WORK INSTRUCTIONS -
Since pictures are not part of the copy, please output only the lines from the one with "דירות קלמאטה Sunrays" through the end of the data below, exactly as written.

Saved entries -
◇ ◇ ◇ ◇ ◇ ◇ ◇

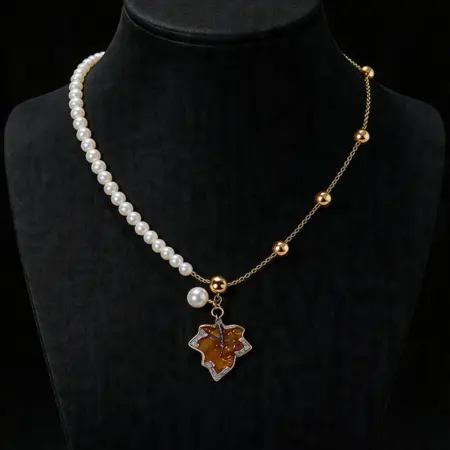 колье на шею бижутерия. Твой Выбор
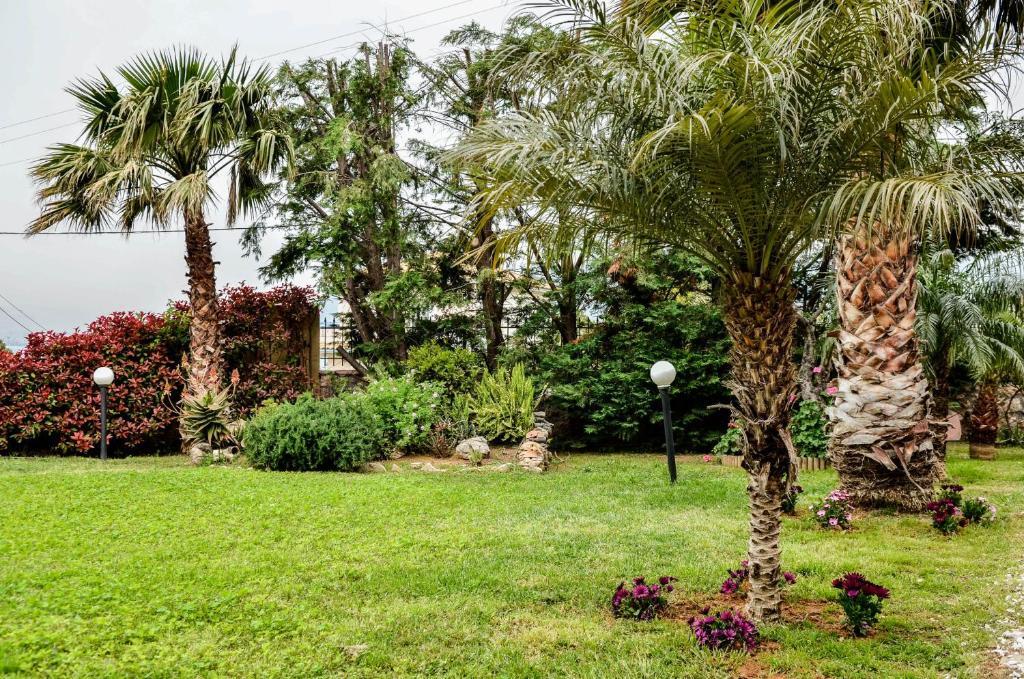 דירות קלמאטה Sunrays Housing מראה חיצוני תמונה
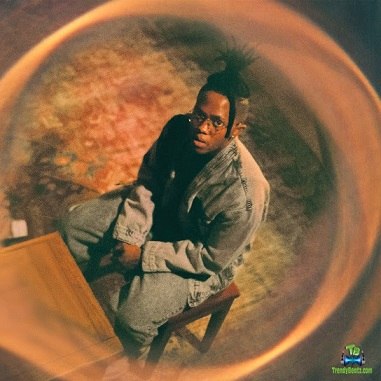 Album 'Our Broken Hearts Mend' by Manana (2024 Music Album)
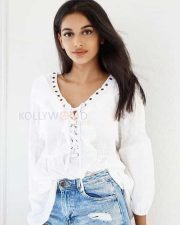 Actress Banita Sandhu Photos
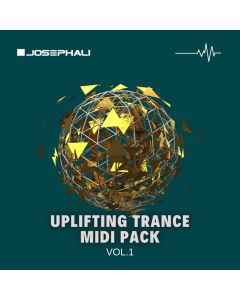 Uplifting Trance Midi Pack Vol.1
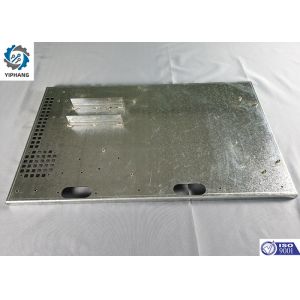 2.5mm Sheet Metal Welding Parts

◇ ◇ ◇ ◇ ◇ ◇ ◇

OUTPUT BELOW -
 דירות קלמאטה Sunrays Housing מראה חיצוני תמונה
 Album 'Our Broken Hearts Mend' by Manana (2024 Music Album)
 Actress Banita Sandhu Photos
 Uplifting Trance Midi Pack Vol.1
 2.5mm Sheet Metal Welding Parts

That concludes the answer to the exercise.